Failures during cleanup should be logged and preserved diagnostically, but the
gateway may still kill the worker after shutdown timeout.
## OperationComplete
Decision: model and forward `OperationComplete` only when native MXAccess fires
it. Do not synthesize `OperationComplete` from writes, command replies, ASB
completion queues, or other status frames.
Rationale: the event signature is known, but the MXAccess analysis has not yet
captured the runtime condition that triggers the public event. Synthesizing it
would risk breaking parity.
## Buffered Data Change
Decision: include `OnBufferedDataChange` in the protocol and worker event
model, but treat multi-sample payload conversion as capture-validated work.
The event signature and native path are known. A live buffered sample batch has
not yet been observed.
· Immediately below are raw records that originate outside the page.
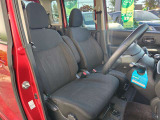 お車の販売と共に、自動車保険もご紹介しております。 弊社取り扱い会社と同じであれば日産独自のサービスもあります。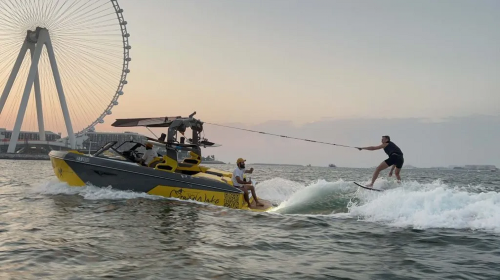 Dubai wake surfing experience 9
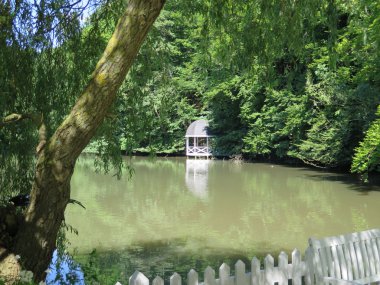 Çardak Gölü tarafında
Until then, preserve raw value, quality, timestamp, data
type, and status metadata whenever conversion is incomplete.
## Completion-Only Status Mapping
Decision: preserve completion-only operation-status bytes as raw diagnostic
metadata unless native MXAccess raises a public event or the MXAccess analysis
proves an exact `MXSTATUS_PROXY[]` mapping.
Do not guess status category/source/detail values for frames that MXAccess does
not expose through its public COM events.
## API Key Administration
Decision: v1 API key management is a local administrative CLI/tool, not a
public admin API.
The tool should support:
- initialize auth database,
- create key,
- list keys without showing secrets,
- revoke key,
- rotate key,
- print the raw secret exactly once at creation.
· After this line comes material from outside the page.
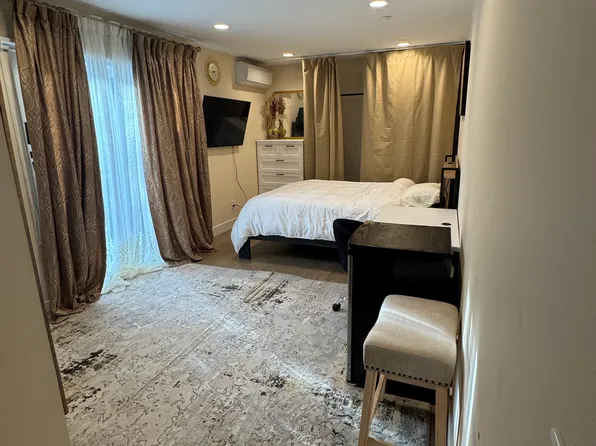 6716 NE 185th St #3, Kenmore, WA 98028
Public gRPC key-management endpoints can be added later only behind `admin`
scope and TLS.
## SQLite Migrations
Decision: use simple startup migrations with a `schema_version` table.
Recommended table:
```sql
CREATE TABLE schema_version (
id INTEGER PRIMARY KEY CHECK (id = 1),
version INTEGER NOT NULL,
applied_utc TEXT NOT NULL
);
```
Migrations should be idempotent, run inside transactions, and fail gateway
startup if the database is newer than the running binary understands.
## Web Dashboard
Decision: host a basic gateway dashboard with Blazor Server and Bootstrap
CSS/JS.
The dashboard should show gateway health, active sessions, worker instances,
basic metrics, queue depths, and recent faults. It should update in real time
through Blazor Server component updates.
Allowed UI stack:
- Blazor Server,
- Bootstrap CSS,
- Bootstrap JavaScript,
- small local CSS.
Do not use MudBlazor or other Blazor UI component libraries for v1.
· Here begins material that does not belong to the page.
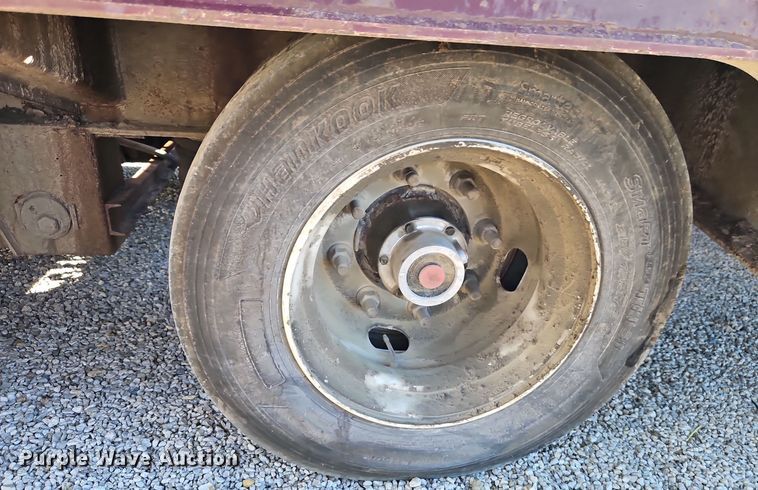 image for item DT7572 2006 Trail King TK70HT 452 drop deck hydraulic tail equipment trailer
Dashboard access should require API-key-backed dashboard authentication with
`admin` scope when enabled. For local development, anonymous localhost access
may exist only behind an explicit configuration option that defaults to false.
## Later Revisit Items
These are explicit post-v1 revisit items, not open blockers:
- reconnectable sessions,
- multiple event subscribers per session,
- restricted worker service account,
- production coalescing by item handle,
- command batching for high-volume tag setup.